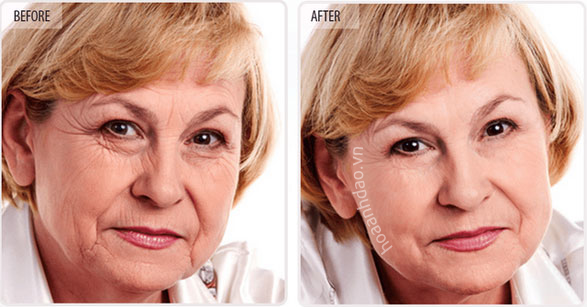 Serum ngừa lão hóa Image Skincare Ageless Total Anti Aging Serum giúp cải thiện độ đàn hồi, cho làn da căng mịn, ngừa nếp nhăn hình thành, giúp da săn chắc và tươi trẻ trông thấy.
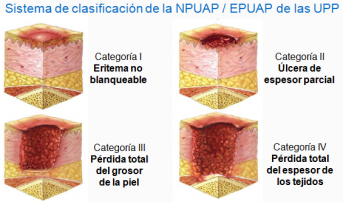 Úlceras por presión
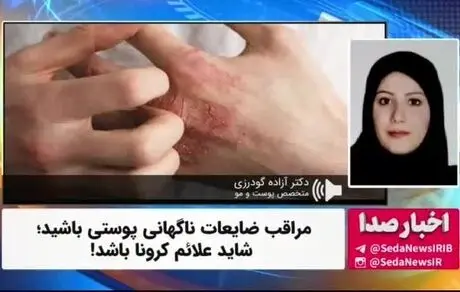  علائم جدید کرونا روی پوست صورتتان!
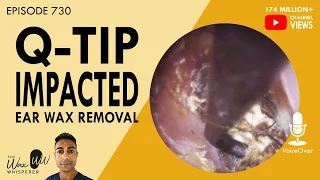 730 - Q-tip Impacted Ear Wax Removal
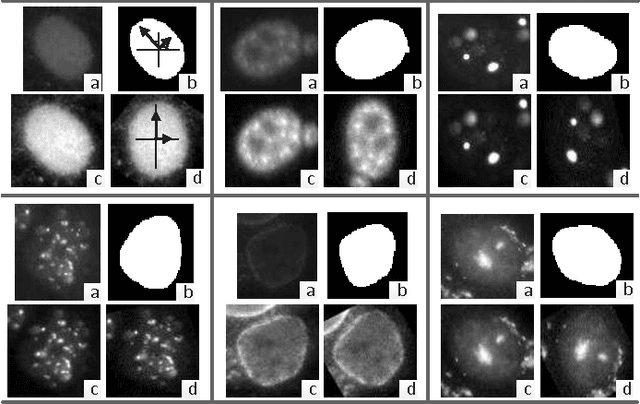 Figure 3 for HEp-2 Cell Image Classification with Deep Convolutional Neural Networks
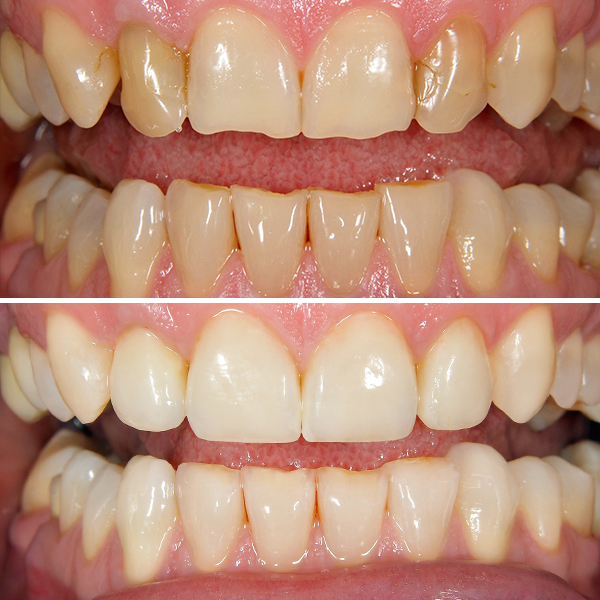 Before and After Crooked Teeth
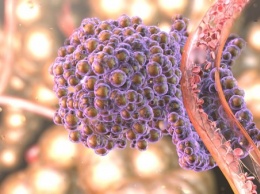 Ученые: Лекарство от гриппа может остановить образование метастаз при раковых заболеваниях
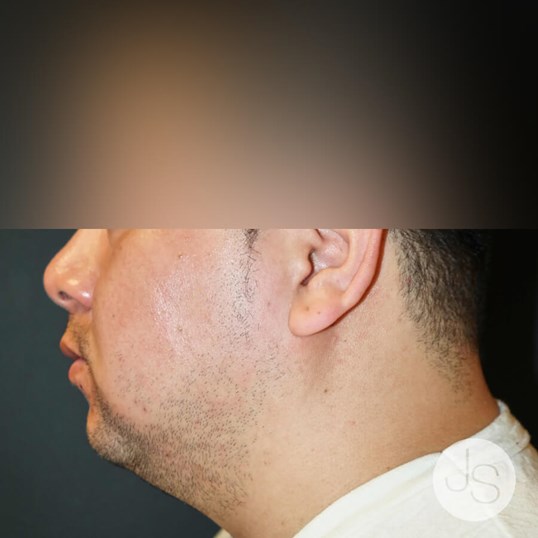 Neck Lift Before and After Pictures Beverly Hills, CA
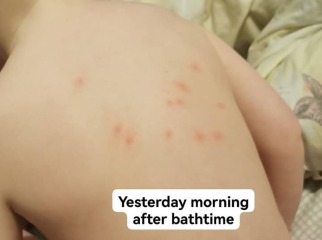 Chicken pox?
━━━━━━━━━━━━━━━━━━━━━━━━━━━━━━
_About this task:_ Beginning with the line that holds "Figure 3 for" and continuing to the end of the entries above, set down each line exactly, both ends included; include no pictures.

_Solution below:_
 Figure 3 for HEp-2 Cell Image Classification with Deep Convolutional Neural Networks
 Before and After Crooked Teeth
 Ученые: Лекарство от гриппа может остановить образование метастаз при раковых заболеваниях
 Neck Lift Before and After Pictures Beverly Hills, CA
 Chicken pox?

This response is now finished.